Para cualquier ciudadano, este entorno supone un reto que debe despertar su inquietud interdisciplinar, porque nadie puede ofrecer una verdad absoluta y todos debemos aprender de todos. Para los gobiernos, implica un desafío de cooperación internacional sin precedentes para construir un futuro mejor, sin que implique más riesgos y más desigualdad. Pero este objetivo es hoy más difícil que nunca porque la organización institucional mundial no es ya la del mundo occidental en solitario.
Se prodigan modelos distintos en los que el control de la privacidad no es el mismo en Pekín que en Londres, Lagos o Varsovia. No hay un modelo común, ni una distribución de grandes empresas de tecnología (bigtech) en diferentes partes del globo. Lo que se observa es una dicotomía muy delimitada: China frente a los Estados Unidos. Políticamente, será en este frente donde se dirima la negociación de la nueva economía. Las tensiones comerciales de hoy son sólo una cortina de humo de la batalla por la supremacía tecnológica en el siglo XXI.
Y las instituciones multilaterales con las que contamos no parecen poder ordenar las tensiones y problemas que pueden encontrarse en el camino.
Ese mundo futuro será tanto mejor cuanto más se entienda qué implica la privacidad y en la medida en que la falta de interacción humana de muchas tendencias digitales no implique una deshumanización de su ordenación económica y social.
Los gobiernos deben comprender que lo intangible de las tecnologías de la información reduce el valor de la distancia y de las fronteras físicas, Por lo tanto, el grado de conocimiento de cada país es el que le permitirá lidiar en el mundo de la globalización de los datos. Es más importante que nunca, por tanto, invertir en investigación. Es ya la variable estratégica más relevante de cualquier gobierno o empresa.
Dos apellidos
En todo caso, la economía del futuro parece que tendrá más de un apellido.

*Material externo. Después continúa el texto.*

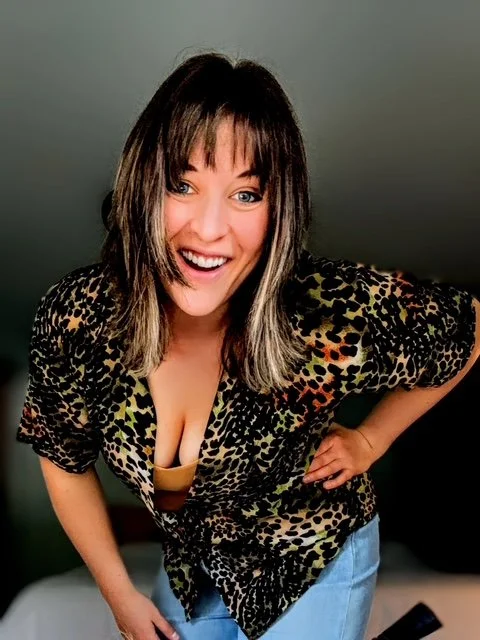 A woman with shoulder-length dark hair with highlights, smiling and leaning forward slightly, wearing a leopard print blouse and blue jeans.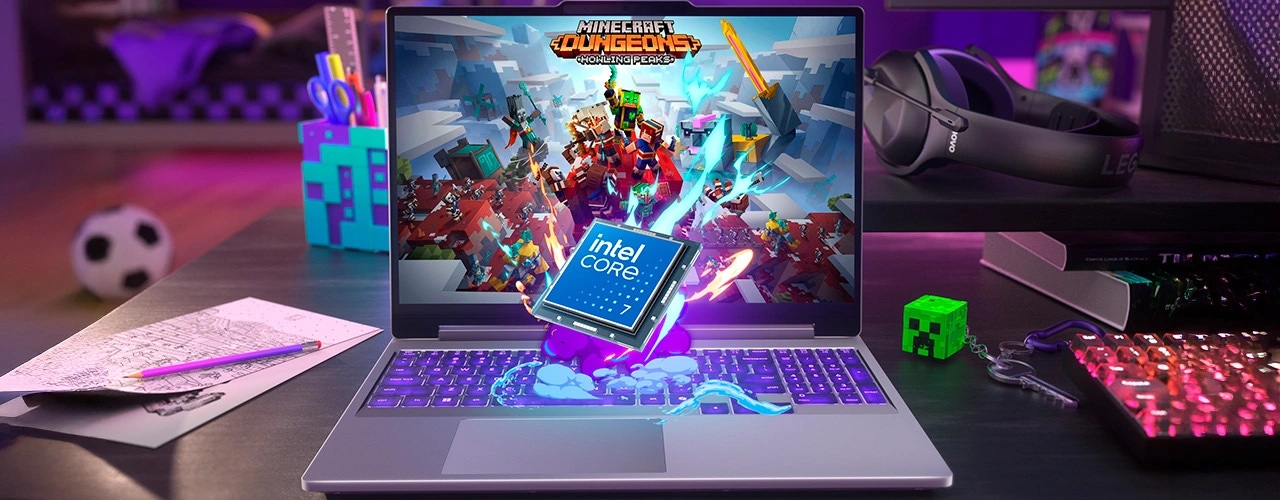 Lenovo LOQ Essential 15IRH11 laptop with Intel Core i7 emblem and Minecraft Dungeons on screen, surrounded by gaming gear.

No será sólo «digital» sino, necesariamente, «verde».
El cambio climático ha introducido, de forma algo tardía pero cada vez más intensa, un debate sobre responsabilidad medioambiental como nunca antes. No sólo las empresas o las ciudades deberán convertirse, con la tecnología, en «inteligentes»; sino que también tendrán que serlo la energía o el transporte y sólo se consideraran avances en estos sectores los que pasen por un camino más verde.
Se trata, tal vez, de uno de los ejemplos más claros de la necesidad de poner la tecnología al servicio de los ciudadanos en lugar de lo contrario.
Sólo construiremos un futuro mejor si la inteligencia, además de artificial, es verde y orientada por el humanismo.